Prevention of healthcare-associated infections and the control of multidrug-resistant organisms are important clinical outcome measures for ASPs. Information technology is expected to provide an area for growth and innovation in antimicrobial stewardship [30]. Moreover, computer-assisted decision support, based on epidemiology principles and flexible and dynamic medical informatics, can be used to inform and improve antibiotic decisions rather than enforce them [18]. However, only one quarter of hospitals with ASPs report they can monitor clinical outcomes and one reason is the low utilization of automated electronic surveillance system tools and computerized physician order entry [31]. Lack of funding remains a key barrier for many ASPs and administrators need additional cost savings data in order to support ASPs. Interestingly, while guidelines and editorials regard compensated participation by an infectious diseases physician in these programs as essential, more than half report no direct compensation for ASP activities [32]. The state of California now has legislation requiring hospitals to develop processes to evaluate the judicious use of antimicrobials, which appears to have played a role in initiating many ASPs in community hospitals [33].
4.1 Previous use of electronic methods for ASP
A number of previous papers also report a variety of electronic methods aimed at improving ASP workflow. Alerts based on order sets and customized templates developed within CPOE have been used by multiple institutions to catch potential antimicrobial incidents of overuse or concern [34, 35]. A mandatory field for antimicrobial-use indications was included in CPOE and an automated report of antimicrobials prescribed along with doses, patient demographics, and microbiology results was developed. Review of prescribed antimicrobials by an infectious-disease physician and pharmacist providing physician feedback was reported to have a significant impact on reducing the 16 targeted and also non-targeted-antimicrobials which was associated with improving quality of care in a pediatric hospital [11].

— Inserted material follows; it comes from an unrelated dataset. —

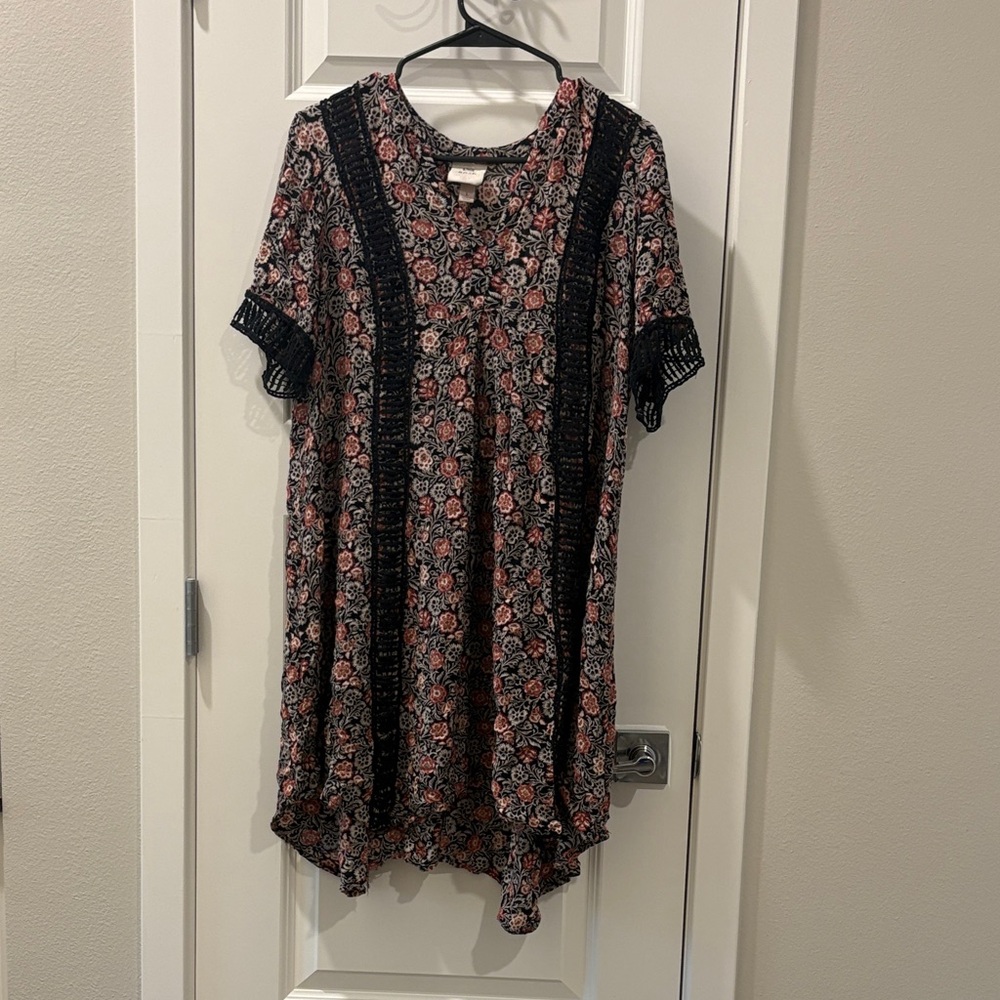 Knox Rose Black Tunic with Pink Floral Print and Crochet Trim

One report found that a high proportion of calls to ASPs requesting prior approval of restricted antimicrobials included patient data inaccuracies which could have led to inappropriate recommendations [36]. The World Wide Web has been used to implement antimicrobial restriction applications with automated clinical decision support to replace previous applications [37, 38]. Those applications were found to facilitate approval and enhance communication among prescribers and pharmacists and reduce the number of restricted antimicrobials. Some web based applications have been developed to enhance surveillance for resistance [39, 40] while others interface to a database to provide assessment of antimicrobial therapy and was used to reduce antimicrobial therapy and C. difficile infection in the ICU [41].
Data-mining software has also been used to build a report based on prospective identification of inpatients receiving antimicrobials along with microbiology and other laboratory results, allergies, medical history and demographics [42]. The ASP pharmacists use the report to identify potential cases, which are then reviewed by ID physicians who provide written recommendations to improve the antimicrobial therapy. The authors report a significant decrease in antimicrobial use, associated costs and a decrease in certain hospital-acquired infections during four years after implementation. Moreover, the study found that 80% of the recommendations were accepted within 48 hours and no negative impact was found in patient survival after antimicrobial de-escalation.

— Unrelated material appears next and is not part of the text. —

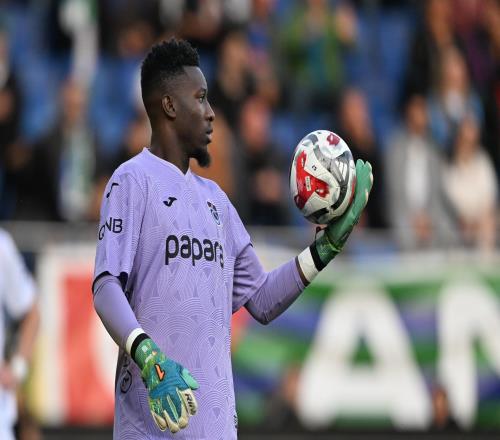 奥纳纳:被瓜帅夸赞总是好事有队友帮忙时我的表现更好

Lastly, a causal probabilistic network was used to significantly improve empiric antimicrobial treatment by using less broad-spectrum antibiotics at half the cost [43]. Thus, there are a number of different electronic tools and methods that can be used and a recent review of computerized tools to facilitate the correct use of antimicrobials demonstrates the international focus on inappropriate and overuse of these drugs [44].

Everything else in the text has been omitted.